Penyelidik Isu Pembaharuan Islam

Kiai Mas Alwi adalah salah seorang pendiri NU bersama Kiai Hasyim Asy’ari, Kiai Abdul Wahab Chasbullah, Kiai Ridlwan Abdullah, dan beberapa kiai besar lain. Mereka bergerak secara aktif di masyarakat sejak NU belum didirikan. Kiai Mas Alwi lah yang pertama mengusulkan nama Nahdlatul Ulama dalam versi riwayat keluarga Kiai Ridlwan Abdullah.

Namun nama Kiai Mas Alwi hampir jarang disebut dalam literatur sejarah NU. Apa sebabnya? Lantaran ia tidak memiliki keturunan dan dikeluarkan dari silsilah keluarga, sebagaimana yang akan tertulis di bawah ini. Hasil olah data dari karangan Maruf Khozin, Wakil Katib Syuriyah NU Kota Surabaya dan Anggota LBM PWNU Jatim. Riwayat ini berdasarkan kisah langsung dari Gus Sholahuddin Azmi, putra Kiai Mujib Ridlwan dan cucu Pendiri NU, Kiai Ridlwan Abdullah (pencipta lambang NU) .

Memang tidak ada data pasti mengenai kelahiran Kiai Mas Alwi. Hanya ditemukan petunjuk dari kisah Kiai Mujib Ridlwan bahwa ketiga kiai yang bersahabat semasa (Kiai Ridlwan Abdullah, Kiai Wahab Chasbullah dan Kiai Mas Alwi), secara usia tidak terlalu jauh jaraknya. Pada masa awal NU berdiri (1926), usia Kiai Ridlwan 40 tahun, Kiai Wahab 37 tahun, dan Kiai Mas Alwi 35 tahun. Maka, Kiai Mas Alwi diperkirakan lahir pada sekitar 1890-an.

Ketiga Kiai tersebut, bukan sosok yang baru bersahabat ketika mendirikan sekolah Nahdlatul Wathon, namun jauh sebelum itu, ketiganya telah menjalin persaudaraan sejak berada di Pesantren Syaikhona Kholil Bangkalan, Madura.

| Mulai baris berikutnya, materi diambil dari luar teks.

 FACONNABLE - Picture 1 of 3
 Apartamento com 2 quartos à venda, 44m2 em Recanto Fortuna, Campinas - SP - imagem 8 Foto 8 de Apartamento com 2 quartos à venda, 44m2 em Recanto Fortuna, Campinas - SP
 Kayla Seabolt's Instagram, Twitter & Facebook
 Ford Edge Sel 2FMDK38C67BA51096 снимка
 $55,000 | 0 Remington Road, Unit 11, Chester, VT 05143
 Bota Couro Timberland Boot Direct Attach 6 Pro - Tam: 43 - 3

Kiai Wahab dan Kiai Mas Alwi adalah dua kiai yang sudah terlihat hebat sejak masih nyantri di pondok, terutama dari sisi kecerdasan dan kecakapannya sebagai santri. Bersama Kiai Ridlwan Abdullah, Kiai Wahab Chasbullah, dan saudara sepupunya, Kiai Mas Mansur, Kiai Mas Alwi turut membidani pendirian Nahdlatul Wathon. Saat itu, Kiai Mas Mansur menjabat sebagai kepala sekolah, sebelum terpengaruh pemikiran pembaharuan Islam di Mesir yang kemudian menjadi pengikut Muhammadiyah.

Mendalami Renaisans Islam

Saat merebak isu Pembaharuan Islam (Renaissance), Kiai Mas Mansur, adik sepupu Kiai Mas Alwi, mempelajarinya langsung pada Muhammad Abduh, rektor Universitas al-Azhar, Mesir. Maklum, Kiai Mas Mansur berasal dari keluarga yang mampu secara material, sehingga dapat mencari ilmu hingga ke Aleksandria (Mesir) sana.

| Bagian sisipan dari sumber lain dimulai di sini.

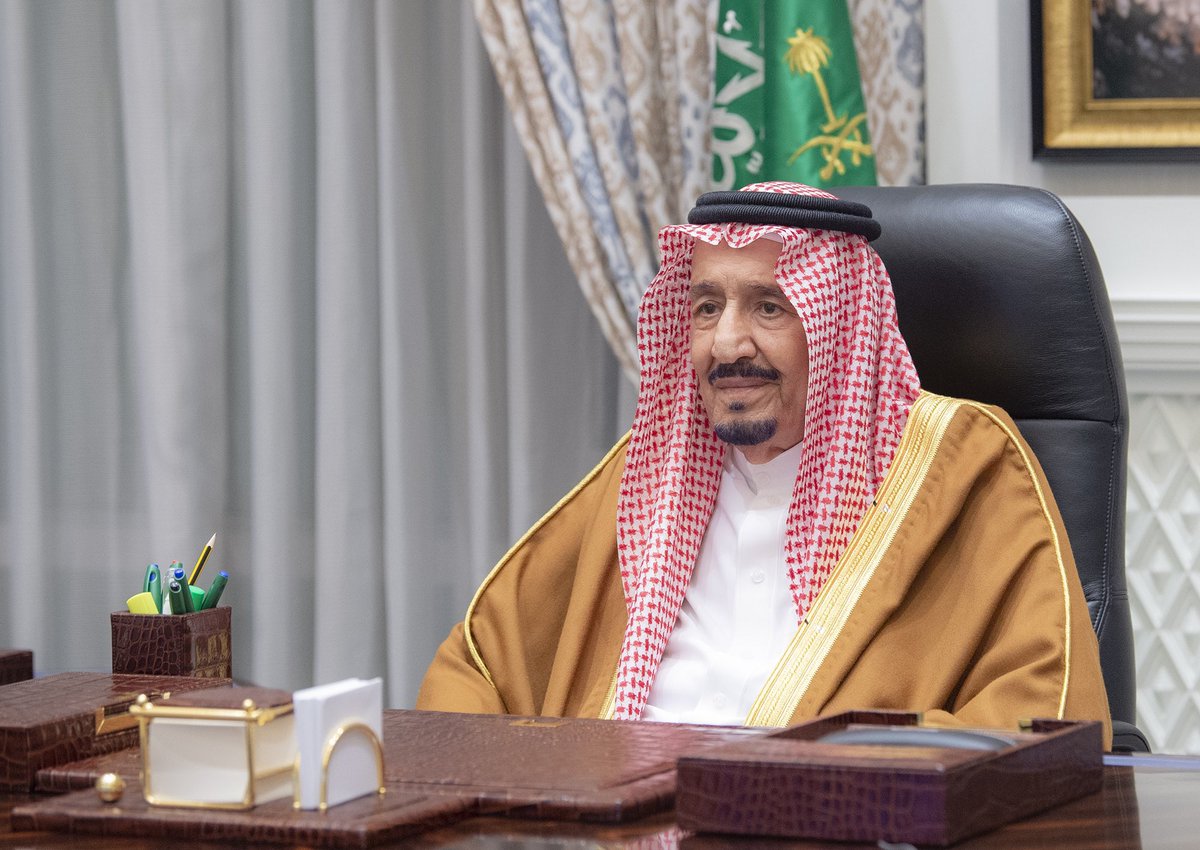 الموارد البشرية توضح.. حقيقة صرف المكرمة الملكية بمناسبة اليوم الوطني لمستفيدي الضمان الدفعة 33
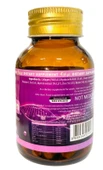 Afye Collagen Hyaluronic Acid Complex (60 Kapsül) - 2
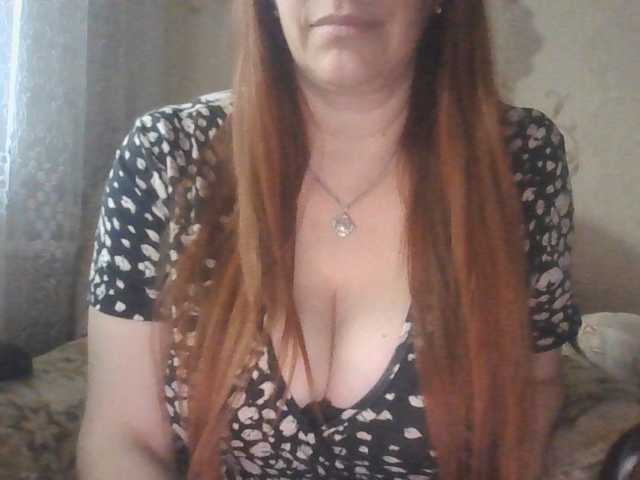 MissieLorrie live cam on BongaCams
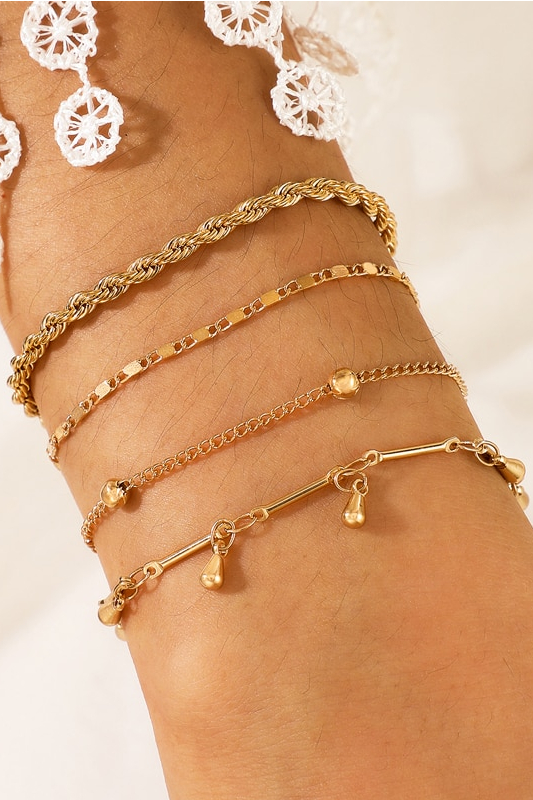 0-00f593.jpeg 0-00f593.jpeg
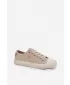 Ženske tenisice BIG STAR RR274767 BEŽ Big Star Shoes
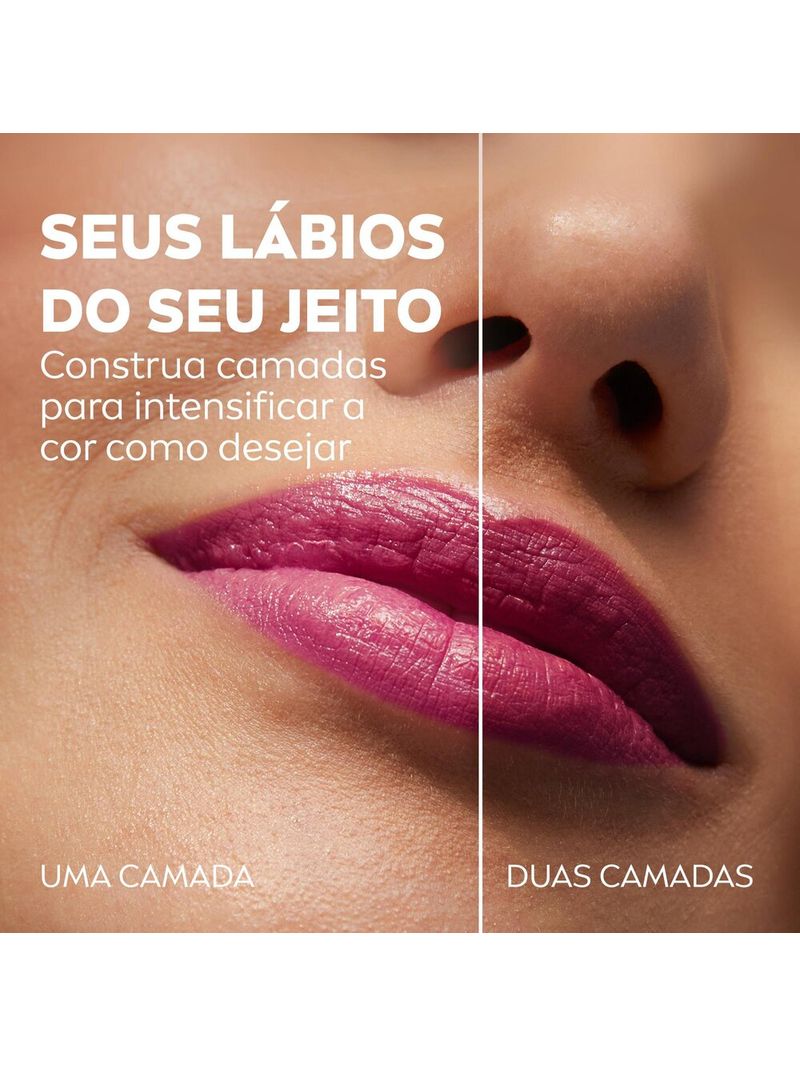 4005900921598-NIVEA_Hidratante_Labial_Hidra_Color_Rosa_Pink_4_8g-LIP-NIVEA--3-.jpg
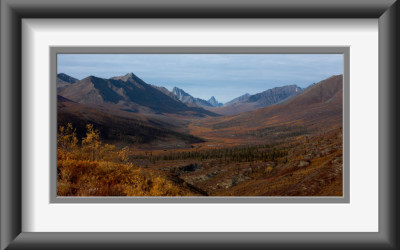 KlondikeRiverValley.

Kiai Mas Alwi yang bukan dari keluarga kaya pun, bertanyatanya tentang apa yang sejatinya dicari Kiai Mas Mansur hingga ke negeri Mesir. Padahal Renaissance (pembaharuan) itu berasal dari Eropa. Maka ia pun berusaha mengetahui apa sebenarnya Renaissance itu ke Eropa, melalui Belanda dan Prancis–dengan menggabungkan diri dalam pelayaran.

Pada masa itu, orang yang bekerja di pelayaran mendapat stigma buruk di masyarakat dan memalukan bagi keluarga. Sebab pada umumnya pekerja pelayaran selalu melakukan perjudian, zina, mabuk, dan tindak asusila lainnya. Sejak saat itulah keluarga Kiai Mas Alwi mengeluarkannya dari silsilah keluarga dan diusir dari rumah.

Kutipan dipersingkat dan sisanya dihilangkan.